* _TASK STATEMENT_: Output the line that contains "Hermes kelly 25", then every line beneath it through the end of the records, exactly as given and with no other lines.

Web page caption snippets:
========

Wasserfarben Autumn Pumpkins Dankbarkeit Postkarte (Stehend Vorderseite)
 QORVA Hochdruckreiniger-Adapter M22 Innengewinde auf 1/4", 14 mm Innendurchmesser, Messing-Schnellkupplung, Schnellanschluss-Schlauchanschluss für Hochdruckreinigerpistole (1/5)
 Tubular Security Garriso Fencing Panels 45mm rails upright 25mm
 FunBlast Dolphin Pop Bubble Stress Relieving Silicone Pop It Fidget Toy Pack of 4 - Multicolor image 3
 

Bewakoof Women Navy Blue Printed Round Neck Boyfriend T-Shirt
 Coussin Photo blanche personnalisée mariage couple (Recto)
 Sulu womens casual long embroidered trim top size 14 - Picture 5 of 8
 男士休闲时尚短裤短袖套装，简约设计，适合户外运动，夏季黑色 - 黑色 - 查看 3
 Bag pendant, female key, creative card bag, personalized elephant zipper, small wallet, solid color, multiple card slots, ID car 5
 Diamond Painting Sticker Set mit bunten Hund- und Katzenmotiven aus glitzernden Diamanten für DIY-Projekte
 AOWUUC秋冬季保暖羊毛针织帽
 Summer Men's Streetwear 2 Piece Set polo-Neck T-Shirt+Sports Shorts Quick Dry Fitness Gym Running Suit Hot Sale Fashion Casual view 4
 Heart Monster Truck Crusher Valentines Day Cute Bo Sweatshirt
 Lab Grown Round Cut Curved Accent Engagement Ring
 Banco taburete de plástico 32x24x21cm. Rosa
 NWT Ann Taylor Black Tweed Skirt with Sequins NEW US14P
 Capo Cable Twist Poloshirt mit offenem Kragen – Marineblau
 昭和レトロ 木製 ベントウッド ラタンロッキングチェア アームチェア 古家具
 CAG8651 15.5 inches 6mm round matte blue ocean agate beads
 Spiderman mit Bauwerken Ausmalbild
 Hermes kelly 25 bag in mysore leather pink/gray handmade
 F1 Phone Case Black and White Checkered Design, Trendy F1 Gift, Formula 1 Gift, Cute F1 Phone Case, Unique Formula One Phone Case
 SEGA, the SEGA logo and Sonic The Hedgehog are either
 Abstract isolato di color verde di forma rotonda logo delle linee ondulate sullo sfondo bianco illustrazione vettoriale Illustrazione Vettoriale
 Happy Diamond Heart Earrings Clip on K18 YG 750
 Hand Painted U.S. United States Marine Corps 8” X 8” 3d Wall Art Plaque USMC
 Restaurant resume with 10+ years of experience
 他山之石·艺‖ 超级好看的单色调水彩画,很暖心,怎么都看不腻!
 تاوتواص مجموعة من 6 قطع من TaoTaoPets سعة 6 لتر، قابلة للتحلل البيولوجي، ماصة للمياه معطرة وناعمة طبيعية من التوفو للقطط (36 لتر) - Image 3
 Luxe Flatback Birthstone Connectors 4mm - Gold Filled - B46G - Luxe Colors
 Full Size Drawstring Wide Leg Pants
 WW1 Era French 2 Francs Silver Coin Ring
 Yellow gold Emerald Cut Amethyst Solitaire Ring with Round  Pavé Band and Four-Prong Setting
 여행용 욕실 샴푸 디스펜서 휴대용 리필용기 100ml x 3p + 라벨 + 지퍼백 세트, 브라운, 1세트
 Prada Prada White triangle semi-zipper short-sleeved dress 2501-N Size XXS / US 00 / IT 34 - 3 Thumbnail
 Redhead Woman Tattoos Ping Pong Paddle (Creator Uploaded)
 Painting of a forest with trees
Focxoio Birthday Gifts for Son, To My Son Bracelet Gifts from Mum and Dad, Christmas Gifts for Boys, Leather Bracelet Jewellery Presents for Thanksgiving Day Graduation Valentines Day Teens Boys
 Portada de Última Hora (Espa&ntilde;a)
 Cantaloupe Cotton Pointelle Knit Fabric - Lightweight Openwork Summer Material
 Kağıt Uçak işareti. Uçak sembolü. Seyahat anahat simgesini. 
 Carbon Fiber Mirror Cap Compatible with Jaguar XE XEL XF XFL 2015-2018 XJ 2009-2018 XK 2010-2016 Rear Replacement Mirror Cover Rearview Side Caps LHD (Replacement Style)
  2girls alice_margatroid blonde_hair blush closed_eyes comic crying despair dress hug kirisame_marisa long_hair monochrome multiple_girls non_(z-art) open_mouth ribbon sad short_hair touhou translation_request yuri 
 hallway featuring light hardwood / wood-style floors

========

* _SOLVED PROBLEM_:
 Hermes kelly 25 bag in mysore leather pink/gray handmade
 F1 Phone Case Black and White Checkered Design, Trendy F1 Gift, Formula 1 Gift, Cute F1 Phone Case, Unique Formula One Phone Case
 SEGA, the SEGA logo and Sonic The Hedgehog are either
 Abstract isolato di color verde di forma rotonda logo delle linee ondulate sullo sfondo bianco illustrazione vettoriale Illustrazione Vettoriale
 Happy Diamond Heart Earrings Clip on K18 YG 750
 Hand Painted U.S. United States Marine Corps 8” X 8” 3d Wall Art Plaque USMC
 Restaurant resume with 10+ years of experience
 他山之石·艺‖ 超级好看的单色调水彩画,很暖心,怎么都看不腻!
 تاوتواص مجموعة من 6 قطع من TaoTaoPets سعة 6 لتر، قابلة للتحلل البيولوجي، ماصة للمياه معطرة وناعمة طبيعية من التوفو للقطط (36 لتر) - Image 3
 Luxe Flatback Birthstone Connectors 4mm - Gold Filled - B46G - Luxe Colors
 Full Size Drawstring Wide Leg Pants
 WW1 Era French 2 Francs Silver Coin Ring
 Yellow gold Emerald Cut Amethyst Solitaire Ring with Round  Pavé Band and Four-Prong Setting
 여행용 욕실 샴푸 디스펜서 휴대용 리필용기 100ml x 3p + 라벨 + 지퍼백 세트, 브라운, 1세트
 Prada Prada White triangle semi-zipper short-sleeved dress 2501-N Size XXS / US 00 / IT 34 - 3 Thumbnail
 Redhead Woman Tattoos Ping Pong Paddle (Creator Uploaded)
 Painting of a forest with trees
Focxoio Birthday Gifts for Son, To My Son Bracelet Gifts from Mum and Dad, Christmas Gifts for Boys, Leather Bracelet Jewellery Presents for Thanksgiving Day Graduation Valentines Day Teens Boys
 Portada de Última Hora (Espa&ntilde;a)
 Cantaloupe Cotton Pointelle Knit Fabric - Lightweight Openwork Summer Material
 Kağıt Uçak işareti. Uçak sembolü. Seyahat anahat simgesini. 
 Carbon Fiber Mirror Cap Compatible with Jaguar XE XEL XF XFL 2015-2018 XJ 2009-2018 XK 2010-2016 Rear Replacement Mirror Cover Rearview Side Caps LHD (Replacement Style)
  2girls alice_margatroid blonde_hair blush closed_eyes comic crying despair dress hug kirisame_marisa long_hair monochrome multiple_girls non_(z-art) open_mouth ribbon sad short_hair touhou translation_request yuri 
 hallway featuring light hardwood / wood-style floors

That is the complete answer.